Based on the same subspace decomposition (lowest-order space \(+\) vertex-patched subspaces), Pavarino [38] introduced and proved a p-robust additive Schwarz preconditioner for the continuous finite element space for Poisson’s equation, and Brubeck and Farrell [13] further scale this p-robust preconditioner to very high polynomial degrees.
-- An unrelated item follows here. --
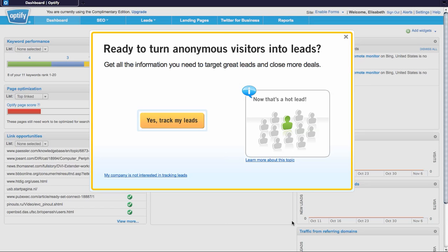Once that's confirmed, the next time you log in to your Optify account, you will see this pop-up screen with three different options. First, you can learn more about tracking visitors and leads within your Optify account.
For a nearly-singular system such as in (8) where \(\epsilon \) approaches 0, Lee et al. [30] presented a general framework and proved that the method of subsequent subspace correction (MSSC) is convergent provided that the exact/inexact solver on each subspace is a robust contraction and that the kernel of the divergence operator can be decomposed into sum of elements of the subspaces, and the convergence rate is robust with respect to mesh size and parameter \(\epsilon \). Our numerical experiments show that the hp-multigrid in Algorithm 2 is robust with respect to mesh size and parameter \(\epsilon \), and the preconditioned Krylov space solver has only a very mild increase in iteration counts as the polynomial order increases.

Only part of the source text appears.